PEG Ratio by Industry 2025
The PEG ratio is one of the most valuable metrics in an investor’s analytical toolkit, offering deeper insight than traditional valuation measures. While the widely-used Price/Earnings (P/E) ratio helps assess a company’s current valuation relative to its earnings, the PEG ratio takes this analysis a crucial step further by incorporating the critical growth element.
This article comprehensively analyzes the Price/Earnings-to-Growth (PEG) ratio across various industries for the year 2025.

What is the PEG Ratio?
The PEG ratio (Price/Earnings-to-Growth ratio) is a stock valuation metric that helps investors assess the relationship between a company’s price-to-earnings (P/E) ratio and its expected earnings growth rate. It builds upon the P/E ratio by factoring in future growth, offering a more nuanced perspective on valuation.

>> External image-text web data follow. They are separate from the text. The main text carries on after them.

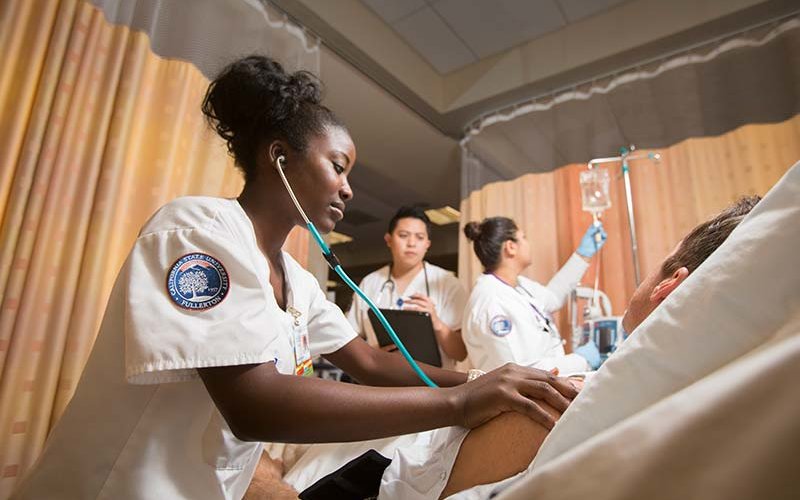 Three CSUF nursing students attending to volunteer patient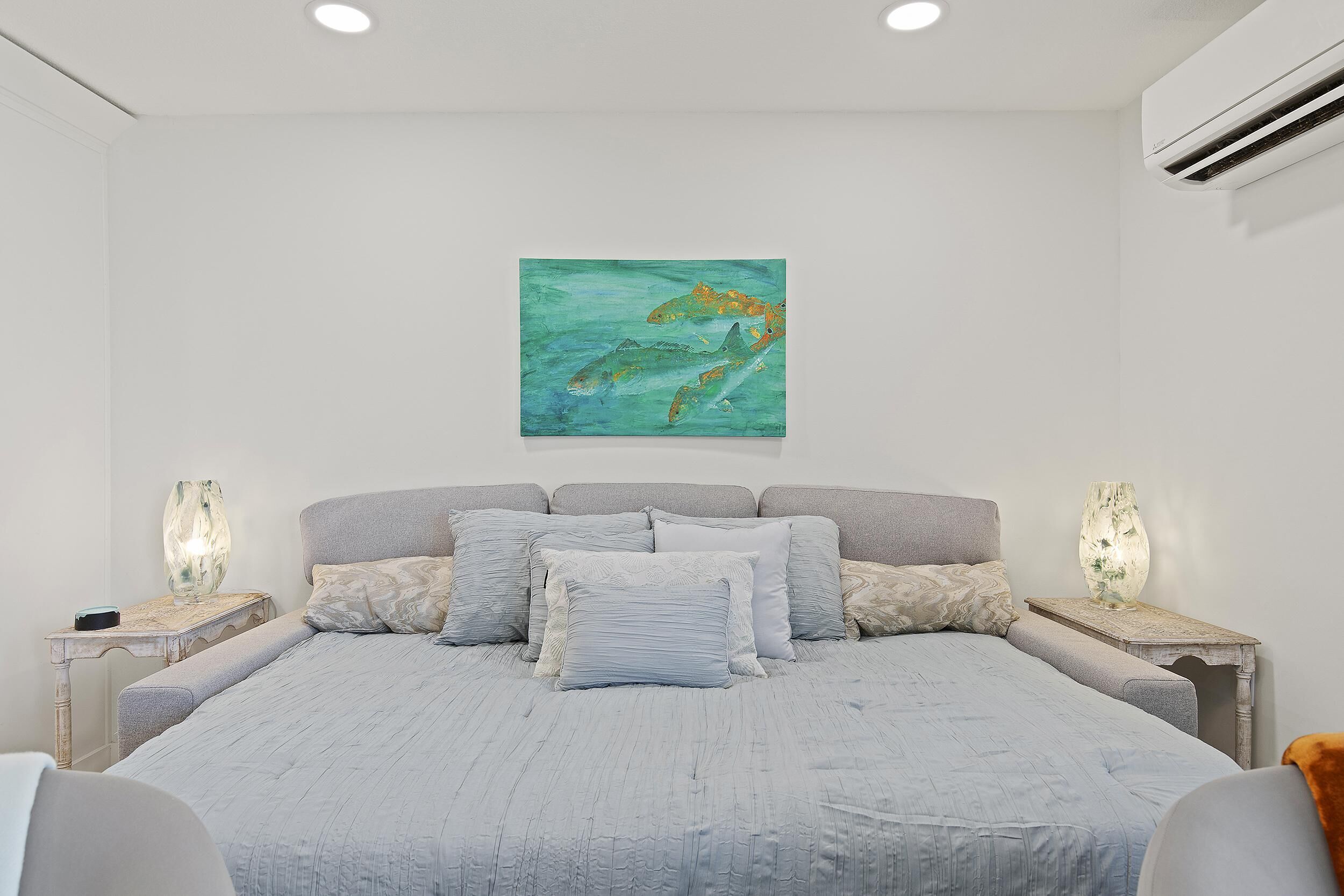 Un dormitorio con cama, mesitas de noche y aire acondicionado instalado en la pared.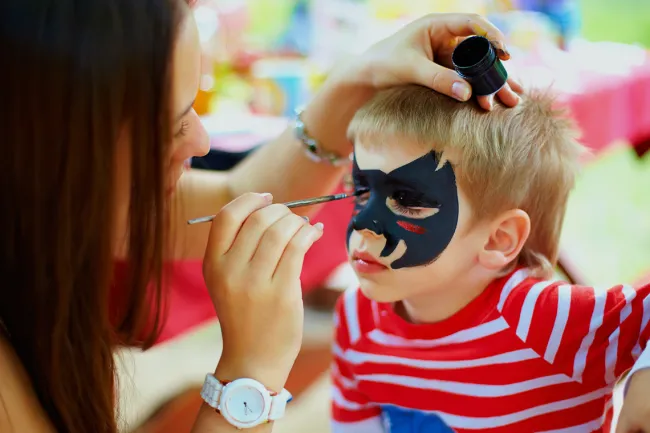 Is Your Child’s Halloween Makeup Tainted with Lead? - An artist applying face painting on a child's face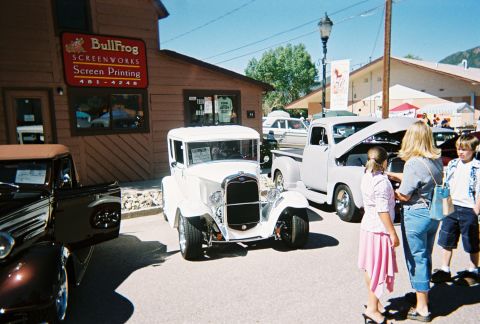 1972 Ford Ranchero - A car show features a white 1930s sedan and a pickup truck with its hood up.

PEG = P/E Ratio / Expected Earnings Growth Rate
The PEG ratio is widely used by value investors to identify stocks that are undervalued relative to their growth potential.
PEG Ratio by Industry
Here is a summary of PEG ratios by Industry. This data highlights how growth expectations and valuations vary significantly across sectors, making the PEG ratio useful for industry comparisons and investment decisions.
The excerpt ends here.